Agent Skills

Perceived Benefits of Agent Skills / Harnesses

  • Several users report strong results from Agent Skills and similar systems on side projects and production work.
  • Claimed benefits: more focus on architecture/product design, faster implementation, better handling of large/legacy codebases, and reusable “review” surfaces for plans, docs, and code.
  • Some find skills particularly useful for API design, UI testing, infrastructure work, and domain-specific “how to use this tool/library” instructions.

Comparison to Other Frameworks (Superpowers, Spec-kit, etc.)

  • Frequent comparisons with Superpowers, Compound Engineering, spec-kit, and other harnesses.
  • Mixed experiences with Superpowers:
    • Some say it replaces a lot of prompting for complex tasks and improves discipline.
    • Others removed it, citing extra latency, token burn, and marginal benefit vs. simply asking the model to plan and ask questions.
  • Many suspect heavy overlap between these frameworks; some view them as “prompt libraries” with different branding.

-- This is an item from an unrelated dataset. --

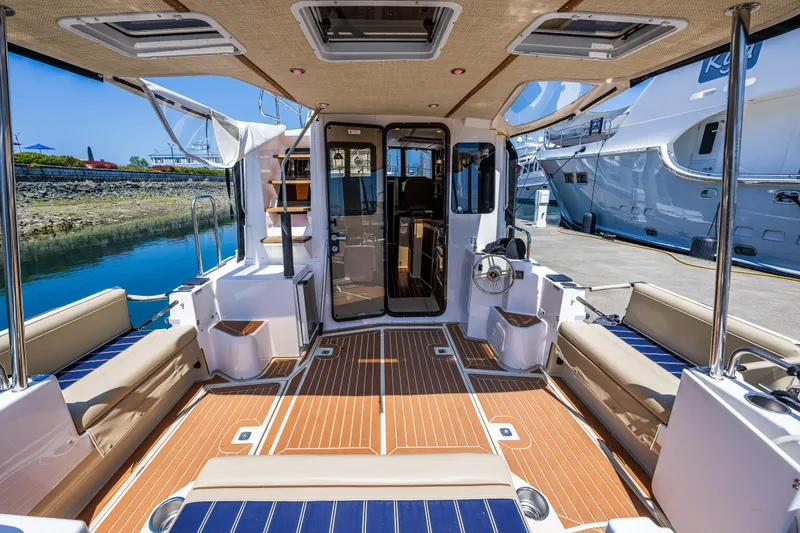 Slide: The Image of 2021 Ranger Tugs R-31 CB boat interior with seating and wood flooring. - 24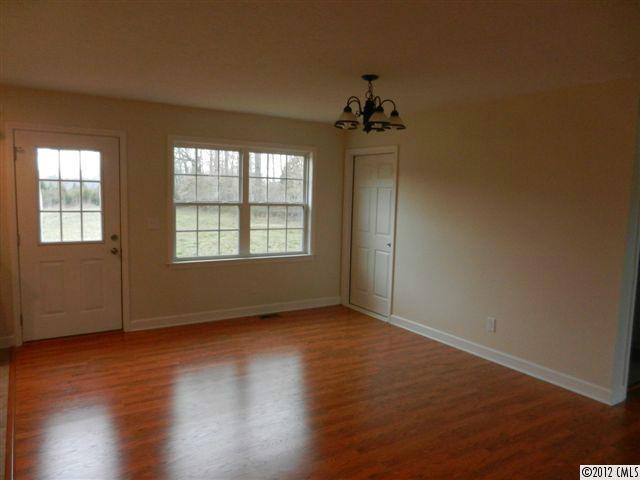 7595 Woodleaf Road Woodleaf, NC 27054 - Photo 6 of 16 an empty room with wooden floor and windows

Skills vs. Simple Prompts / Process vs. Outcome

  • One camp: best results come from clearly specifying desired outcomes; elaborate processes and long skills are overkill and often untested.
  • Counterpoint: for complex tasks, process instructions (plan first, ask clarifying questions, follow conventions, maintain tests, document decisions) significantly improve reliability.
  • Skills are framed by some as reusable, shareable context and lightweight “sub-agent” prompts; critics argue many are bloated essays.

Complexity, Context, and Token Costs

  • Concern that long skills and many MCPs/plugins bloat context and raise costs.
  • Others note only skill metadata is always loaded; full content is pulled selectively, so even multi‑kiloword skills are manageable with large contexts.
  • Several warn against blindly installing big skill packs; recommend starting with defaults and adding minimal, task-specific skills.

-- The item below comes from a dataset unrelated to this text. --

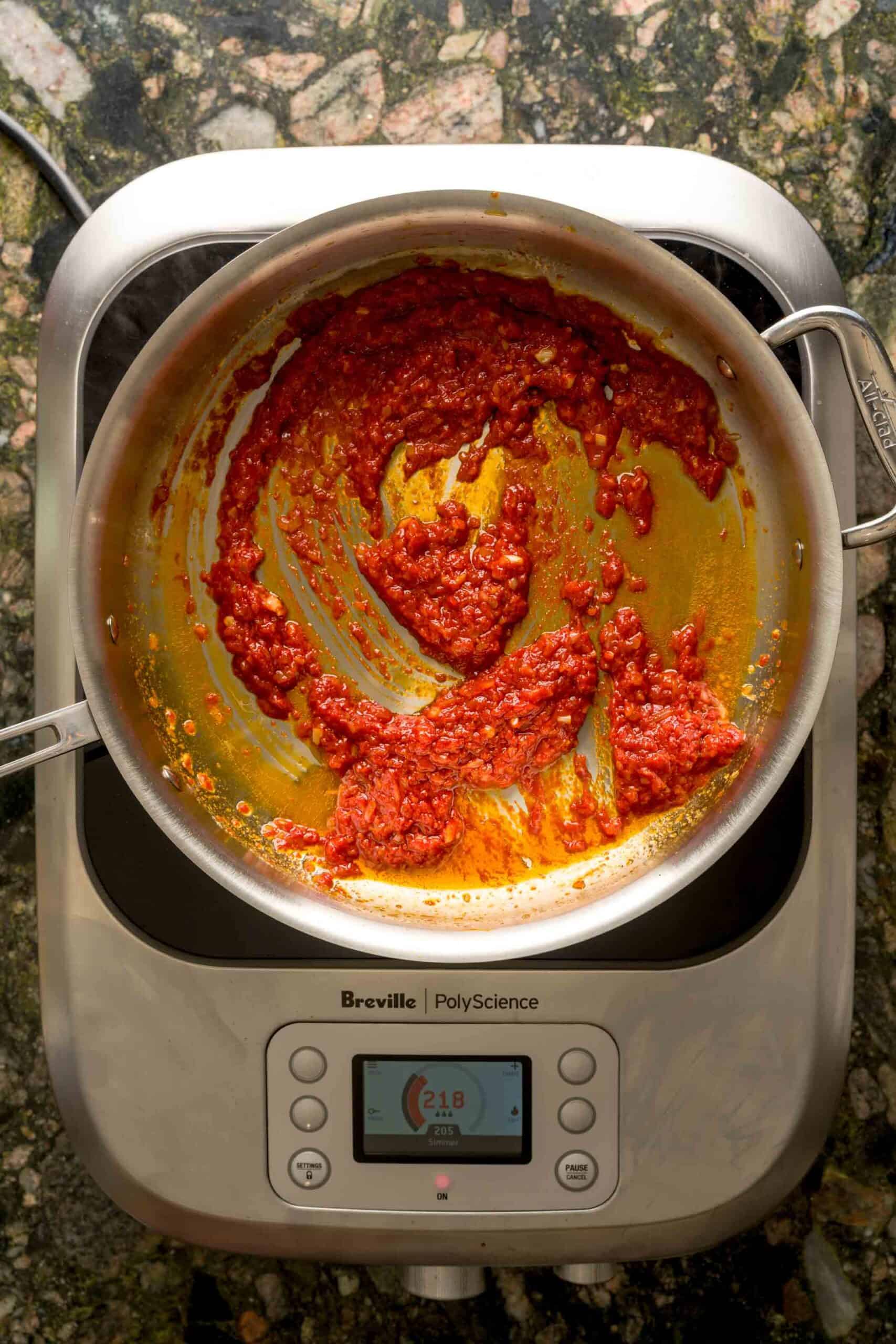 Blooming tomato paste in a large pot to make vodka pasta sauce.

Reliability, Testing, and “Snake Oil” Skepticism

  • Strong criticism that these harnesses overestimate LLMs as rule followers; models still drop hard requirements.
  • Argument that real safety and quality still require human review, deterministic tests, and sandboxing; workflows alone can’t guarantee correctness.
  • Calls for proper A/B tests, benchmarks, and before/after comparisons; many note this is usually missing.
  • Others respond that, despite imperfections, these systems measurably improve speed and consistency in their environments.

Productivity, Pseudo-Productivity, and Measurement

  • Some believe agent tinkering is “pseudo productivity” and will be seen as a time sink.
  • Others report quantified gains: faster ticket burn-down, automated infra tasks, parallel agent sessions; initial slowdown during learning, then noticeable boost.
  • Debate over what to measure (features shipped, defect rates, MTTR, etc.) and how much experimentation time is justified.

Personalization vs. Shared Configs

  • Multiple commenters emphasize skills are highly personal/team-specific.
  • Recommended usage: treat public skillsets as references; copy/adapt small pieces rather than bulk installing entire frameworks.